Rabie Taha's first sign of hope has arrived: 300 prefabricated homes that families are moving into this week on a lot at Nahr al-Bared, the Palestinian refugee camp largely destroyed in fighting last summer between Lebanese soldiers and radical Islamic militants.

After nine months of sleeping on crowded classroom floors of a nearby refugee camp, Mr. Taha's family is among those slated to move into the units in their former community. The move is part of a plan to return 1,500 of the 5,000 families still displaced by August. A prefab school also opened to students Monday.

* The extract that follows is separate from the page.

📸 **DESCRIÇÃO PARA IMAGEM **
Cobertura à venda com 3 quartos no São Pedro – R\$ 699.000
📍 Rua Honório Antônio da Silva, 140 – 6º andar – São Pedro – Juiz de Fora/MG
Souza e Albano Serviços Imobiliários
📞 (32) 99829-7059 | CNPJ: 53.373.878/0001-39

For many refugees, the joy of returning is dampened by lingering bitterness over the extensive damage at the camp and the half-year delay in returning. "Why all, all, all our camp destroyed," asks Ahmed Abueid. "Why? The battle is finished [six] months, why we not return to our home?"

The reconstruction of Nahr al-Bared has moved forward slowly. It is the largest such effort ever for the UN Works and Relief and Works Agency (UNRWA), which aids Palestinian refugees, including the 30,000 displaced by last year's conflict.

Nor has the government ever rebuilt an entire Palestinian camp. "There is a serious lack of capacity and the [displacement] crisis is overwhelming everybody," says Nadim Shehadi, a consultant on the effort.

The battle erupted last May between Fatah al-Islam – mostly foreign militants with reported ties to Al Qaeda – and an unprepared Army. It was Lebanon's worst internal crisis since the 1975-1990 civil war.

When the militants were defeated in September, Prime Minister Fouad Siniora vowed to rebuild the camp under military authority as a bulwark against future violence. The plan also calls for improving squalid infrastructure, which fosters a climate of desperation, says Mr. Shehadi.

Preliminary estimates put the cost as high as $382 million for relief operations and to improve the camp and surrounding Lebanese villages.

While 1,200 families have since been allowed to return to the "New Camp," the section of Nahr al-Bared least damaged in the fighting, no one will be allowed to return to homes in the "Old Camp" – the mazelike center where militants had dug in. That section will be demolished in preparation for reconstruction.

The project has been hampered by mines and booby traps that have claimed dozens of lives so far. "[Demining] could take weeks, months; the timeline is impossible," says UNRWA's Henri Disselkoen.

Meanwhile, refugees "have been without their clothes, without the documents, without their children's toys for eight months. The fathers are without an income and waiting for handouts by the international community," Mr. Disselkoen adds.

Taha, more fortunate than most, has found a job as a relief worker to complement his jobs as a nurse and a teacher.

Now, he and his family of 12 share a classroom floor in Beddawi refugee camp. A blue tarpaulin covers his family's neatly arranged possessions – blankets, portable grill, buckets for preparing food – that were donated by charities. Kids' shoes line the shelf beneath the chalkboard.